§ TASK TO CARRY OUT: The answer should hold only the lines from the one that contains "Dress‎ Size 0" through the last line of the material, repeated exactly, without pictures.
········
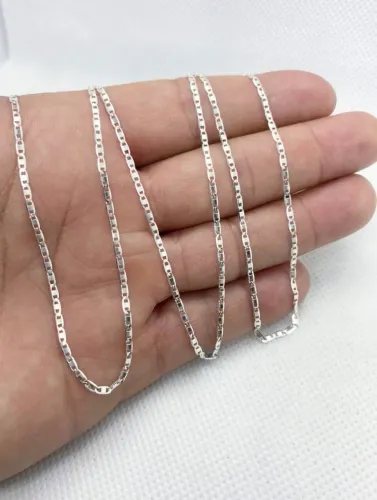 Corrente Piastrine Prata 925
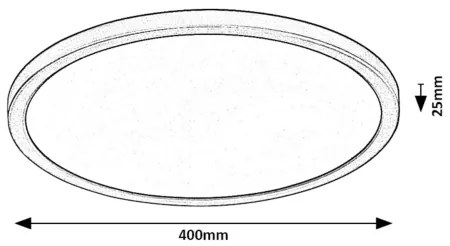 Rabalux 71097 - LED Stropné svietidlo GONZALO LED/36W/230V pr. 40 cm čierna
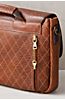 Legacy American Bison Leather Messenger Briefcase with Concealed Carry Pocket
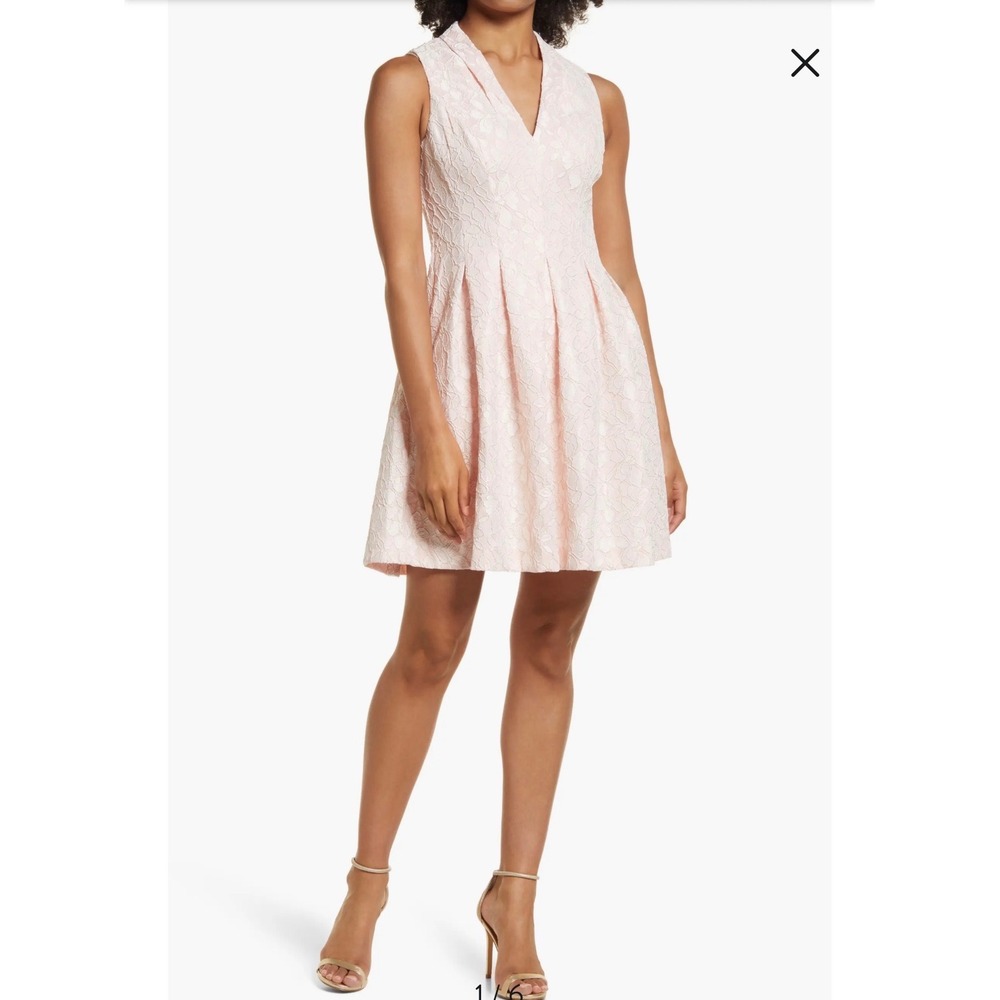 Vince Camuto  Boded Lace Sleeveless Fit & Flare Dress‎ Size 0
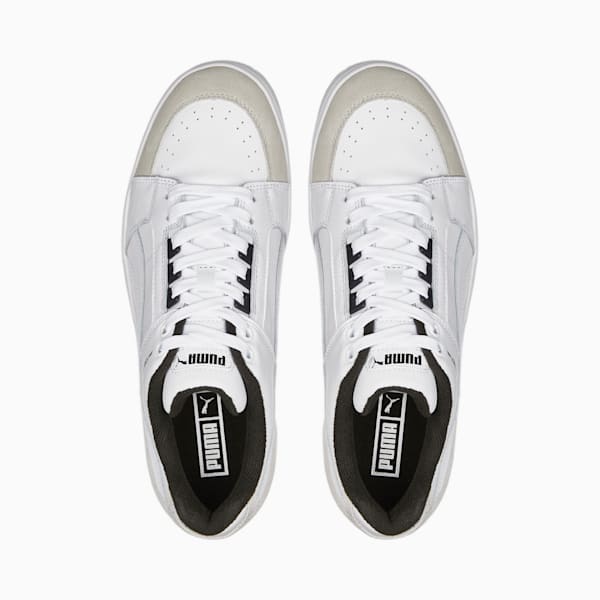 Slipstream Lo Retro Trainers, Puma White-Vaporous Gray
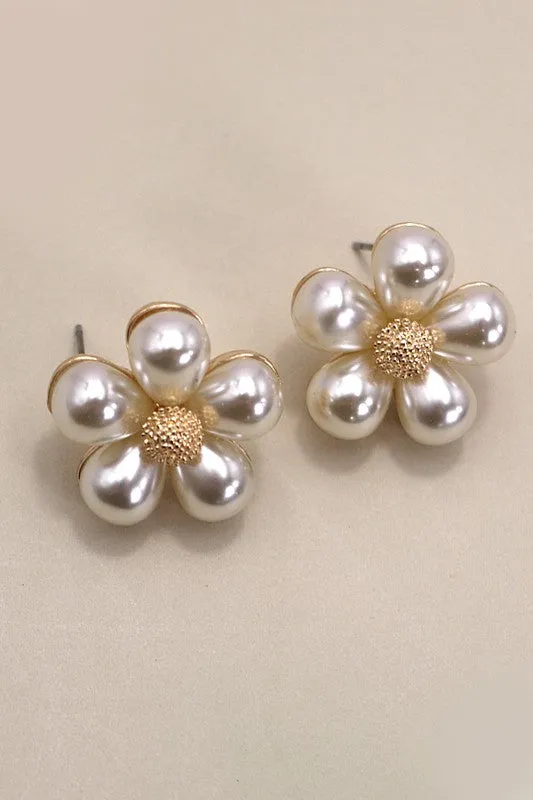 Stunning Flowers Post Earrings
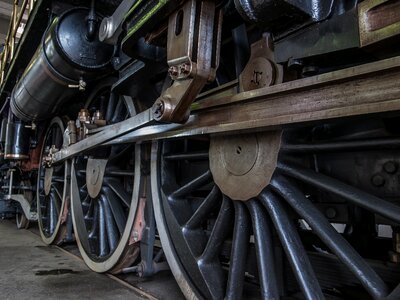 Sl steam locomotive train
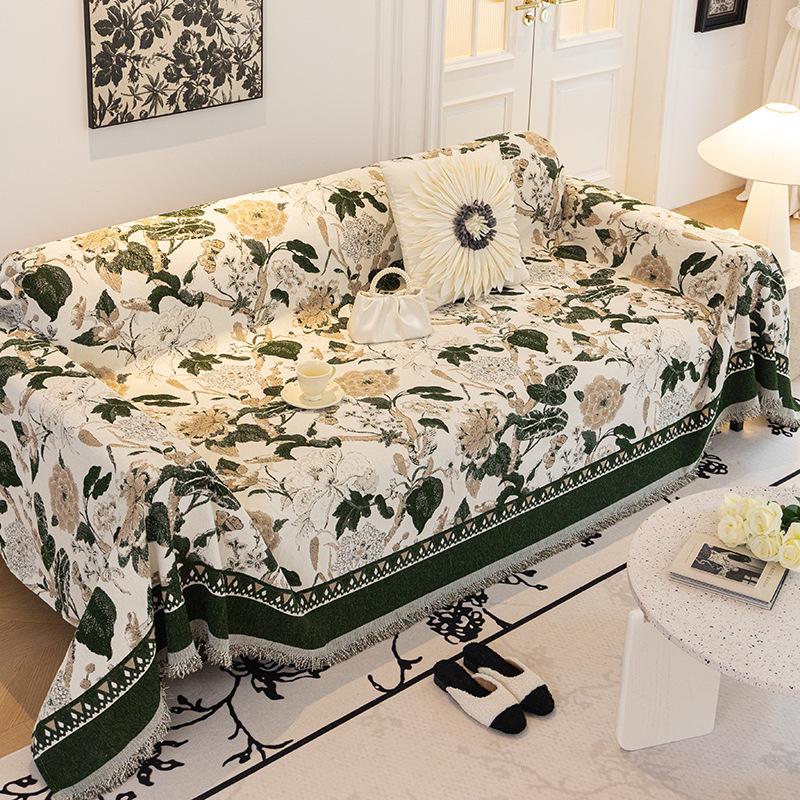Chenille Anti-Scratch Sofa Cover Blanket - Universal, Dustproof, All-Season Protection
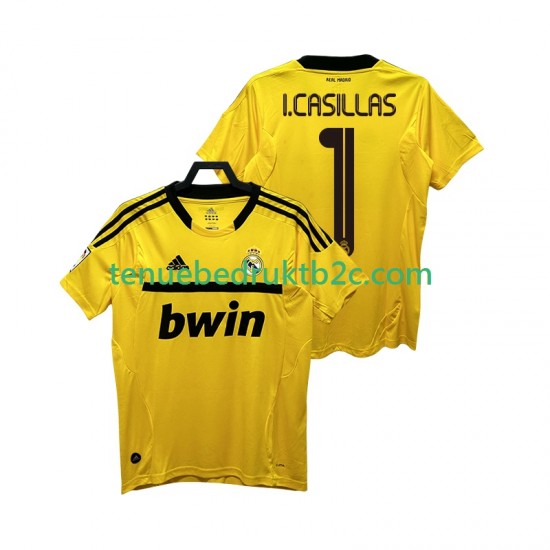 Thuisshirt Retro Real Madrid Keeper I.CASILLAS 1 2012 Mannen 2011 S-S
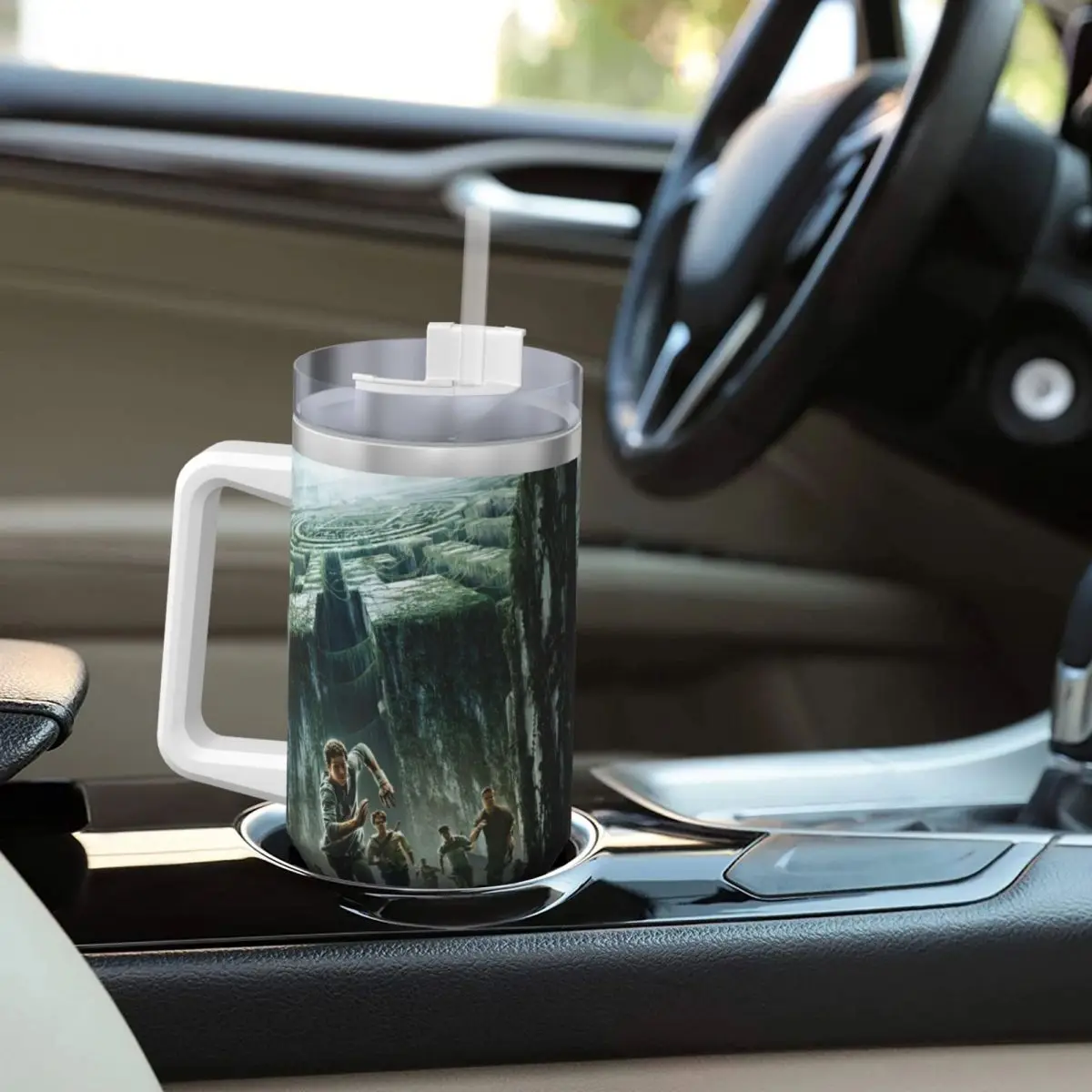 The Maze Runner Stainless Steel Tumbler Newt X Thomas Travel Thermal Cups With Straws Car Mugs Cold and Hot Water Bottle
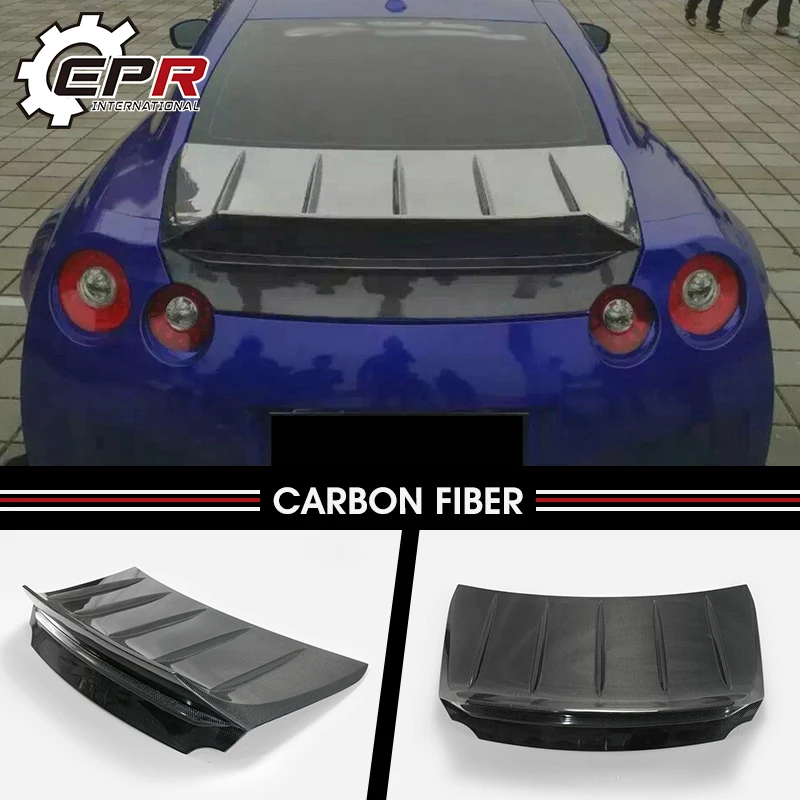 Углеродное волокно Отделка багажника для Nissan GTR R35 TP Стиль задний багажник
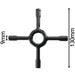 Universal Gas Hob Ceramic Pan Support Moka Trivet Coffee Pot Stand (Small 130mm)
········
§ EXERCISE RESPONSE:
 Vince Camuto  Boded Lace Sleeveless Fit & Flare Dress‎ Size 0
 Slipstream Lo Retro Trainers, Puma White-Vaporous Gray
 Stunning Flowers Post Earrings
 Sl steam locomotive train
Chenille Anti-Scratch Sofa Cover Blanket - Universal, Dustproof, All-Season Protection
 Thuisshirt Retro Real Madrid Keeper I.CASILLAS 1 2012 Mannen 2011 S-S
 The Maze Runner Stainless Steel Tumbler Newt X Thomas Travel Thermal Cups With Straws Car Mugs Cold and Hot Water Bottle
 Углеродное волокно Отделка багажника для Nissan GTR R35 TP Стиль задний багажник
 Universal Gas Hob Ceramic Pan Support Moka Trivet Coffee Pot Stand (Small 130mm)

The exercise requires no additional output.